## Exercise objective
Repeat the listing exactly as given, omitting every image.

## Data for analysis
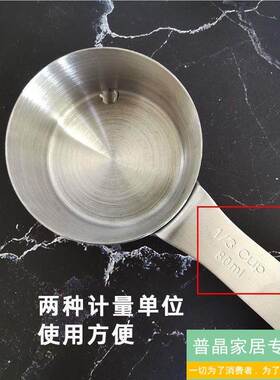 304不锈钢量杯15/30/50/60/80//100/160/180/240ml量勺融化小锅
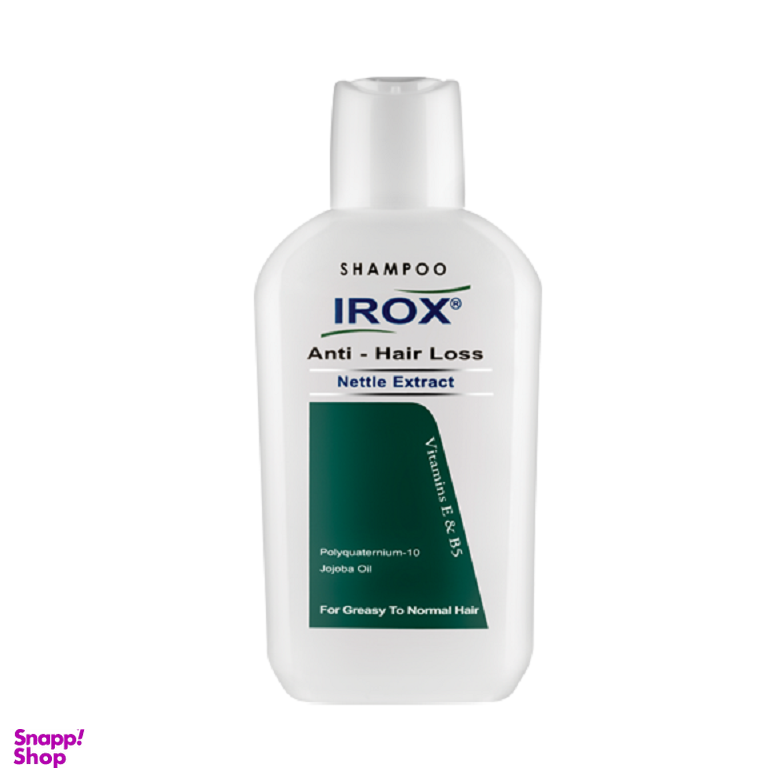شامپو ضد ریزش مو ایروکس (Irox) حاوی عصاره گزنه حجم 200 میلی لیتر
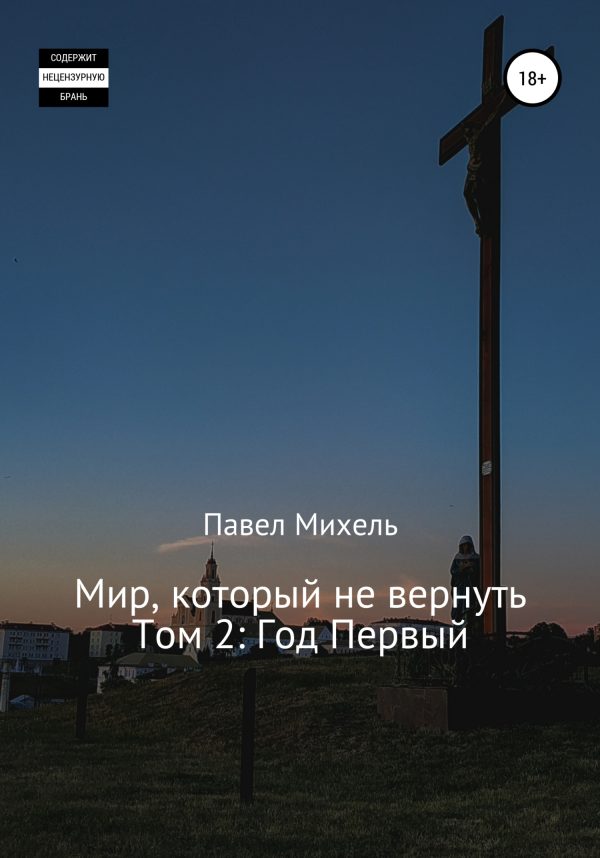 Обложка книги «Мир, который не вернуть. Том 2. Год первый»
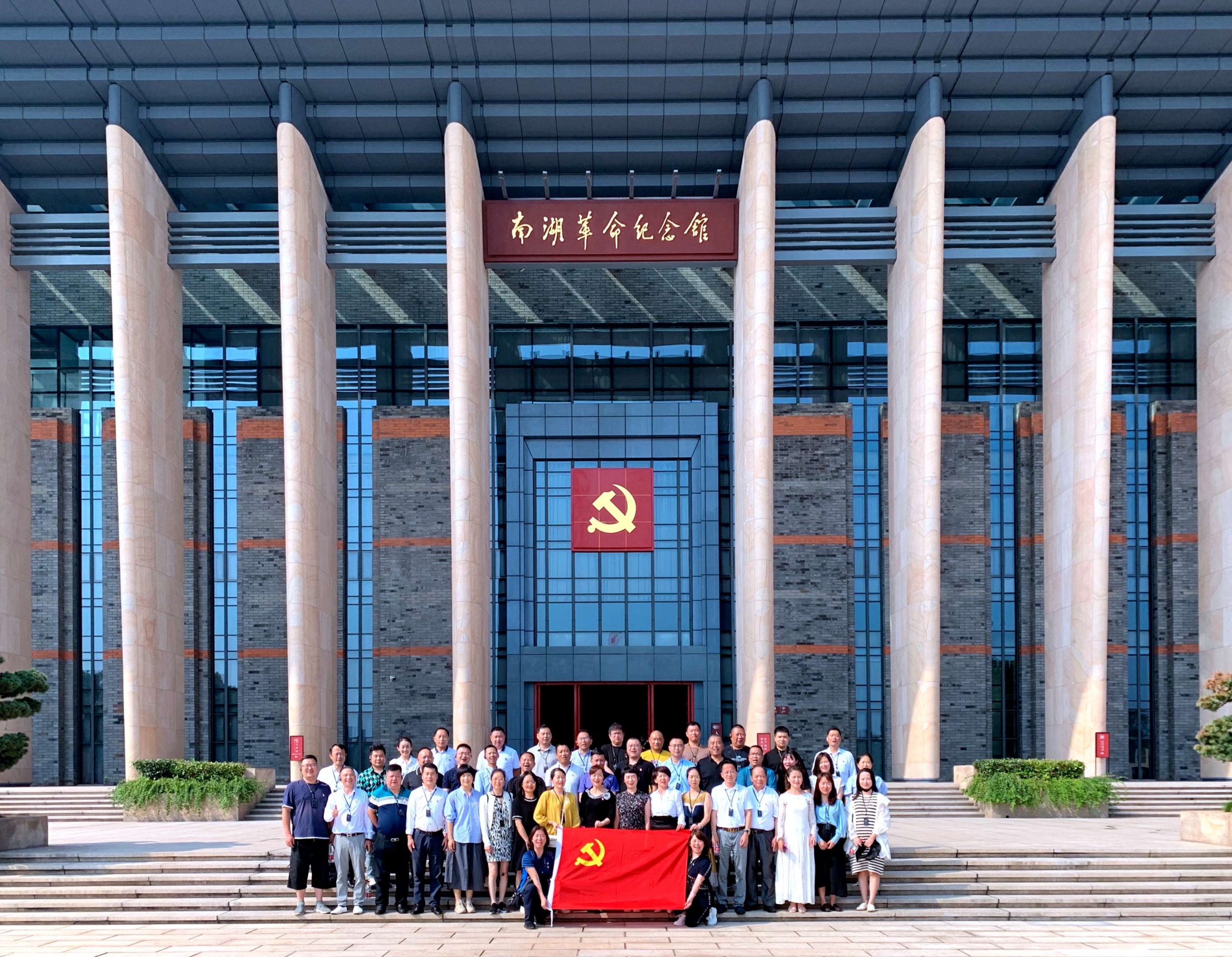 广东商会党员代表参加“浙江大学-云南省异地商会党组织书记能力提升班”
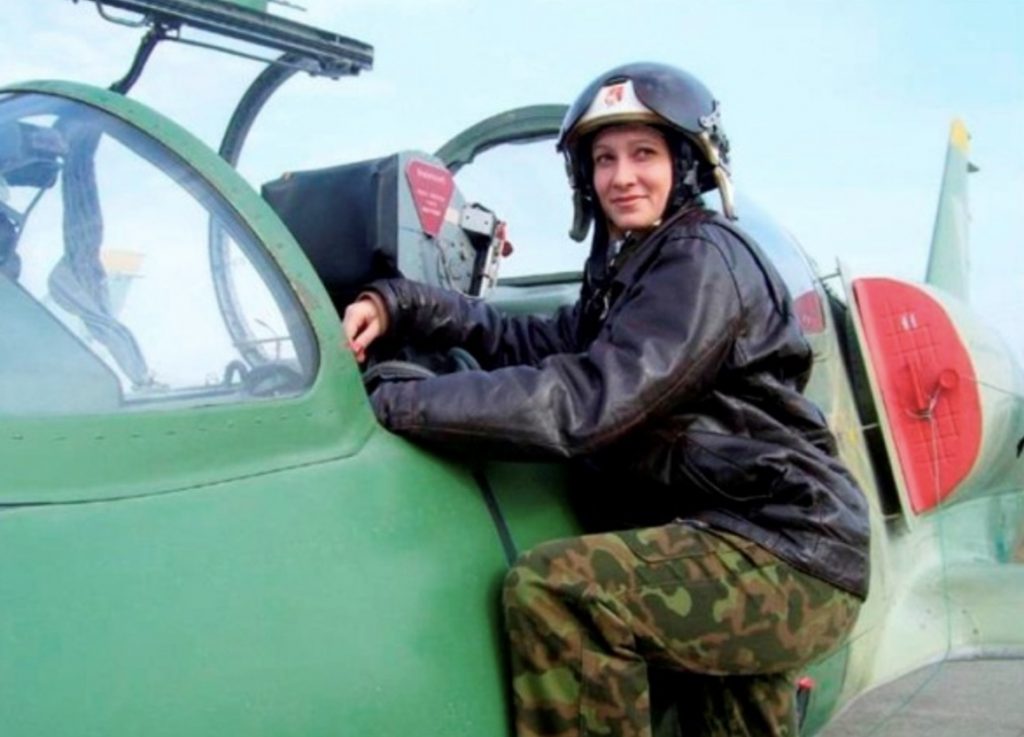 Ukrainian Female Pilot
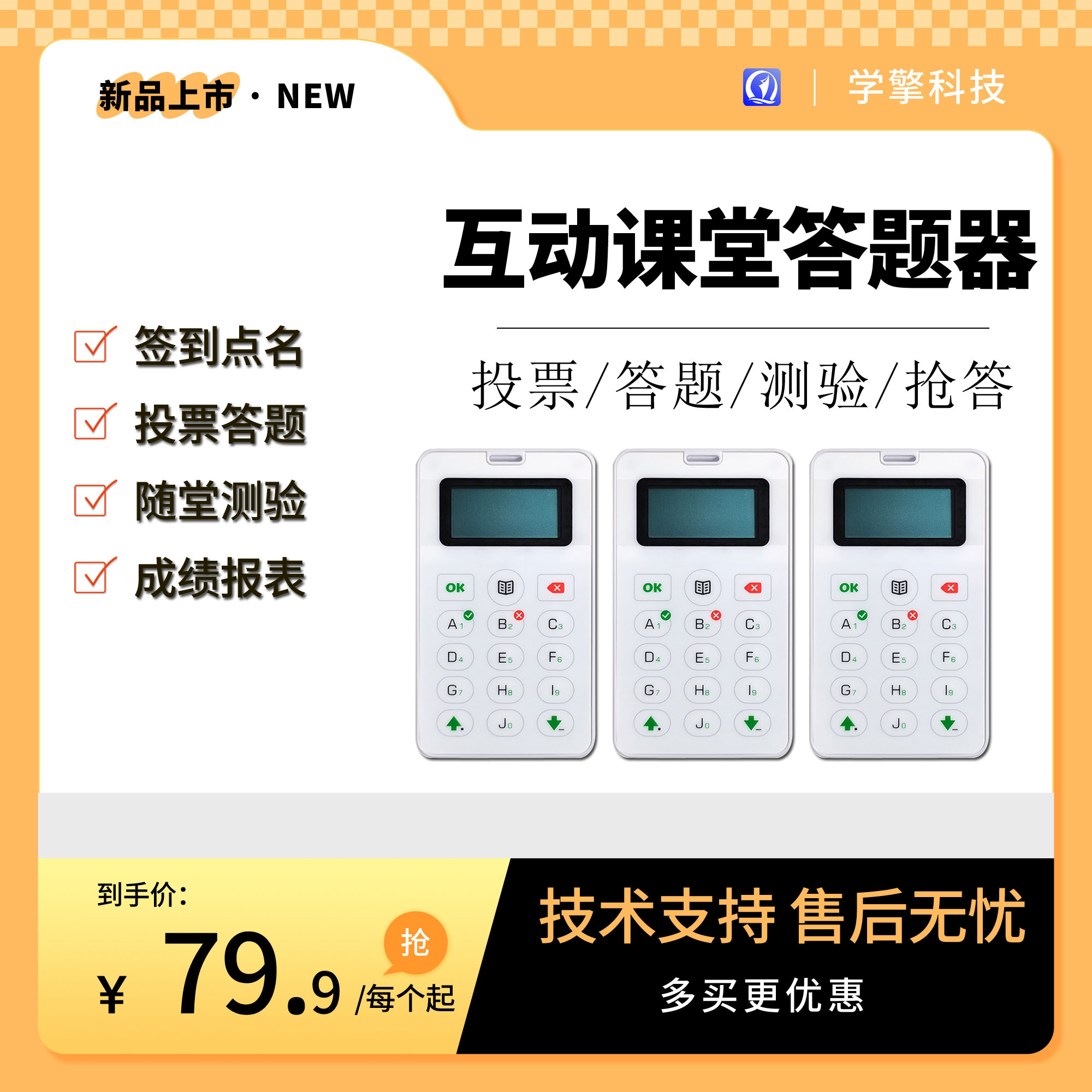 课堂互动答题器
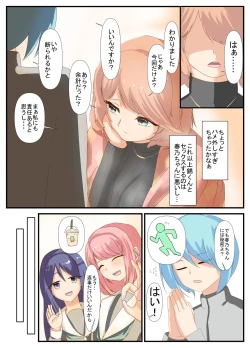 Page 6 of Sensei to Renai Soudan Suru Tsumori ga Itunomanika Sex Shitemashita 4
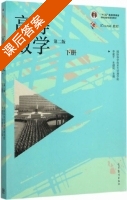 高等数学 第二版 下册 课后答案 (李建平 朱健民) - 封面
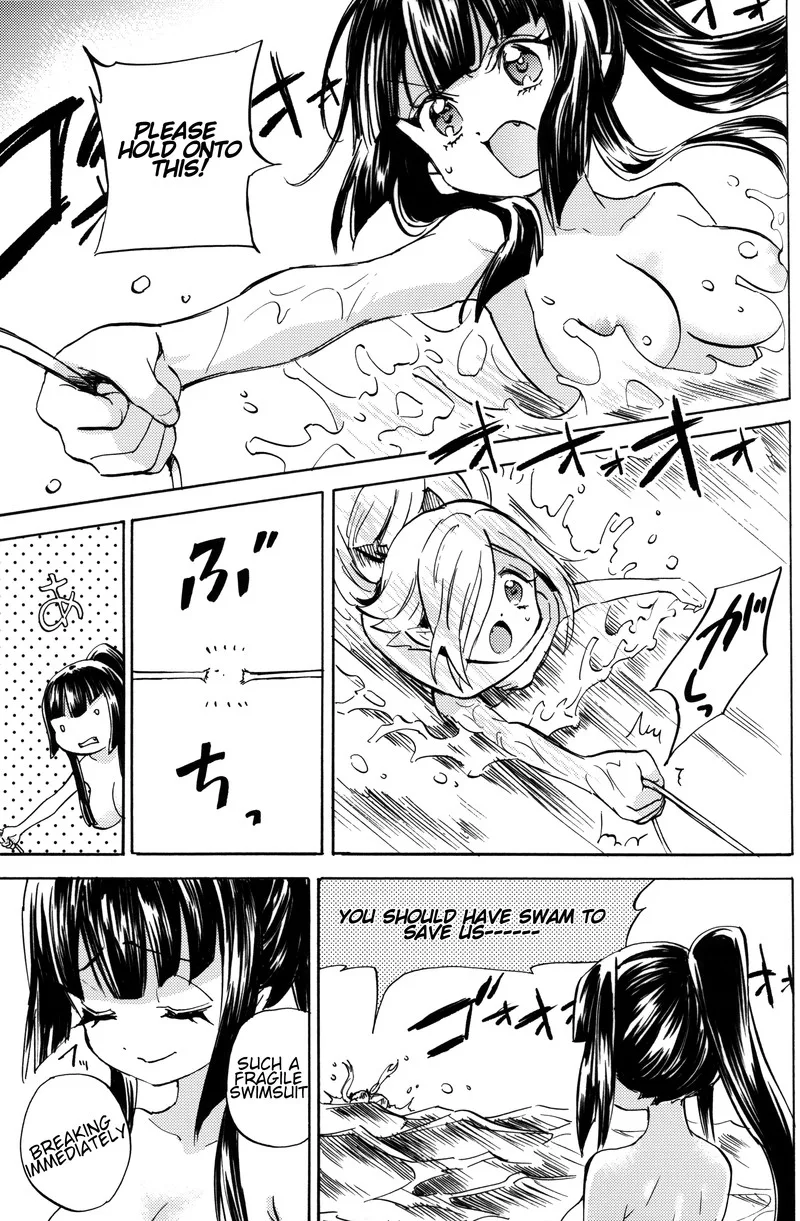 Jashin-chan Dropkick Chapter 249.1 page 14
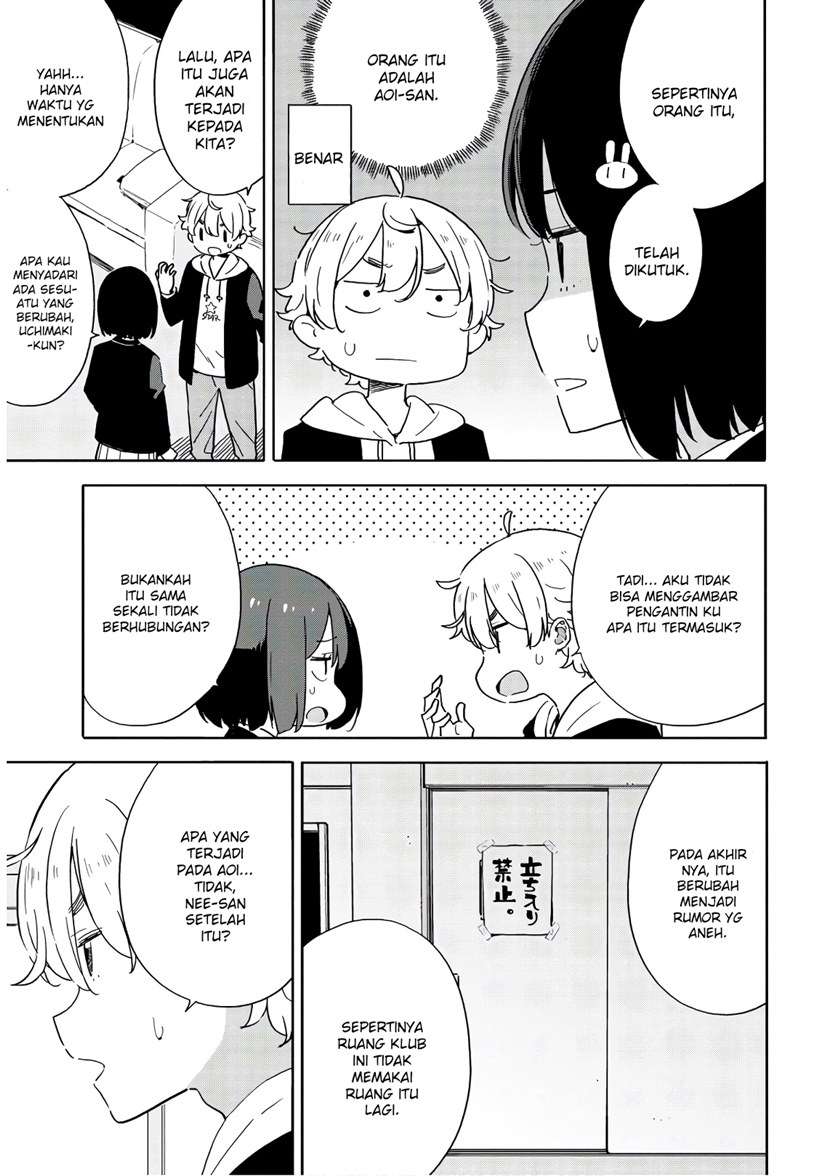 Kono Bijutsubu ni wa Mondai ga Aru! Chapter 86 - halaman 17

## Written response
 304不锈钢量杯15/30/50/60/80//100/160/180/240ml量勺融化小锅
شامپو ضد ریزش مو ایروکس (Irox) حاوی عصاره گزنه حجم 200 میلی لیتر
 Обложка книги «Мир, который не вернуть. Том 2. Год первый»
 广东商会党员代表参加“浙江大学-云南省异地商会党组织书记能力提升班”
 Ukrainian Female Pilot
 课堂互动答题器
 Page 6 of Sensei to Renai Soudan Suru Tsumori ga Itunomanika Sex Shitemashita 4
 高等数学 第二版 下册 课后答案 (李建平 朱健民) - 封面
 Jashin-chan Dropkick Chapter 249.1 page 14
 Kono Bijutsubu ni wa Mondai ga Aru! Chapter 86 - halaman 17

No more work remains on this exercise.